Search Engine spam is a web page or a portion of a web page which has been created with the intention of increasing its ranking in search engines. Web spamming refers to actions intended to mislead search engines and give some pages higher ranking than they deserve. Anyone who uses a search engine frequently has most likely encountered a high ranking page that consists of nothing more than a bunch of query keywords. These pages detract both from the user experience and from the quality of the search engine. Search engine spam is a webpage that has been designed to artificially inflating its search engine ranking. Recently this search engine spam has been increased dramatically and creates problem to the search engine and the web surfer. It degrades the search engine's results, occupies more memory and consumes more time for creating indexes, and frustrates the user by giving irrelevant results.
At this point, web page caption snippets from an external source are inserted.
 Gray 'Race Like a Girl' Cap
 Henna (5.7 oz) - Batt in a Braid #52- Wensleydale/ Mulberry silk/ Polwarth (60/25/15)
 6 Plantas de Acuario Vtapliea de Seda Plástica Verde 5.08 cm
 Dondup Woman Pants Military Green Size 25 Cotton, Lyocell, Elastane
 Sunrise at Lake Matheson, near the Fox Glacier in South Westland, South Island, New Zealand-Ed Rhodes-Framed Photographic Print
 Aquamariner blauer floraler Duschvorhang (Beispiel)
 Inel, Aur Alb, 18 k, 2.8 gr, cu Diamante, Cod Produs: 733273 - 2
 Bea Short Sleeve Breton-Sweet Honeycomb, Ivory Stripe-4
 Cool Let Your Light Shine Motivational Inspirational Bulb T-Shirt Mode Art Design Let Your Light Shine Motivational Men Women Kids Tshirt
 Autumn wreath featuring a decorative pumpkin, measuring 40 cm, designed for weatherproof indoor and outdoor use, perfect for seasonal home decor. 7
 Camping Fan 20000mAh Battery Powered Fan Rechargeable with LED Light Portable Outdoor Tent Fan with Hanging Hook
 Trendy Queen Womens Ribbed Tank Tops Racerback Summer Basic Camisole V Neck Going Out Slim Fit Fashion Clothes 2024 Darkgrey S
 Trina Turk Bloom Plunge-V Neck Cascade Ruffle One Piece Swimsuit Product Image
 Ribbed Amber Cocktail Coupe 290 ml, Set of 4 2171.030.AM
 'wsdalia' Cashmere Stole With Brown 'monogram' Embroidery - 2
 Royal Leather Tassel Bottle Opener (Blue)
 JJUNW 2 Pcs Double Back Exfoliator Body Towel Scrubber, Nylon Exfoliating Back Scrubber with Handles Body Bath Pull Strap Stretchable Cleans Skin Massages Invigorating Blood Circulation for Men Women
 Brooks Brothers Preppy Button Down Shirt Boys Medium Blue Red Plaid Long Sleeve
Search engines have tried many techniques to filter out these spam pages before they can appear on the query results page. In this paper, various ways of creating spam pages, a collection of current methods that are being used to detect spam, and a new approach to build a tool for link spam detection that uses machine learning as a means for detecting spam. This new approach uses SVMLight tool to detect the link spam which only considers the link structure of Web, regardless of page contents. These statistical features are used to build a classifier that is tested over a large collection of Web link spam. The link farm can identify based on degree Hub and Authorities of link. The spam classifier makes use of the Wordnet word database and SVMLight tool to classify web links as either spam or not spam. These features are not only related to quantitative data extracted from the Web pages, but also to qualitative properties, mainly of the page links.